What you need to do:
Beginning with the line that holds "Front Door Stop" and finishing with the line that holds "Sterling Silver White", repeat the listing exactly, leaving every picture out.

Study material:
★ ★ ★ ★ ★
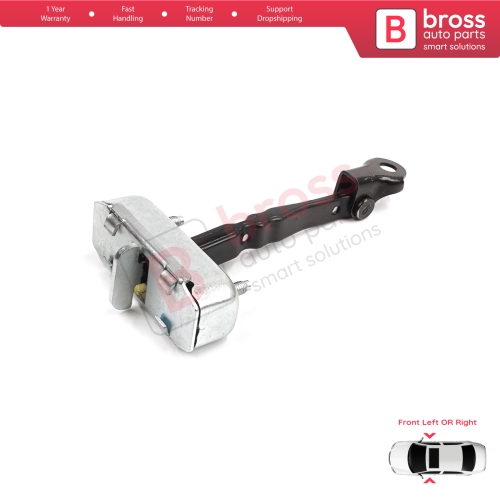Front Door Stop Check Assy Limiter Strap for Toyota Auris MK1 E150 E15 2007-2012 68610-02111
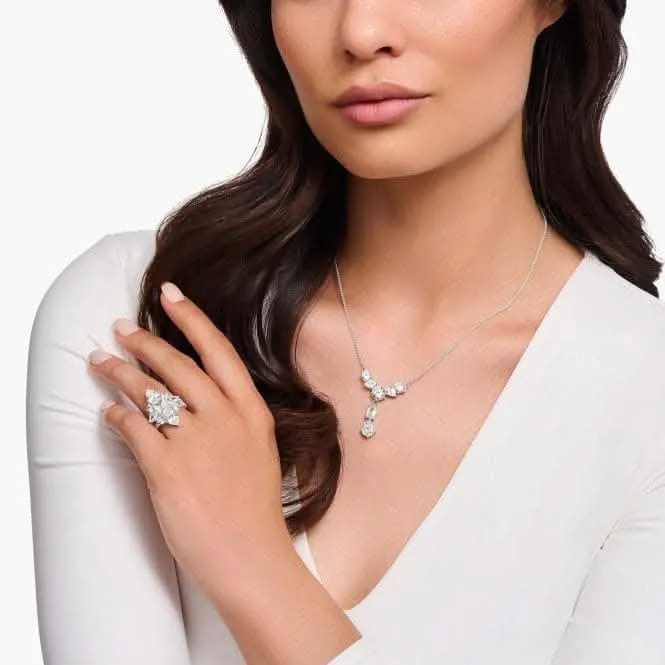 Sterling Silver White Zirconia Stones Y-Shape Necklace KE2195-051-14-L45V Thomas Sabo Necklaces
★ ★ ★ ★ ★
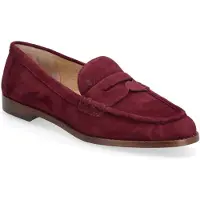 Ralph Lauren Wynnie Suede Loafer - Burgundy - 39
★ ★ ★ ★ ★
Task solution:
Front Door Stop Check Assy Limiter Strap for Toyota Auris MK1 E150 E15 2007-2012 68610-02111
 Sterling Silver White Zirconia Stones Y-Shape Necklace KE2195-051-14-L45V Thomas Sabo Necklaces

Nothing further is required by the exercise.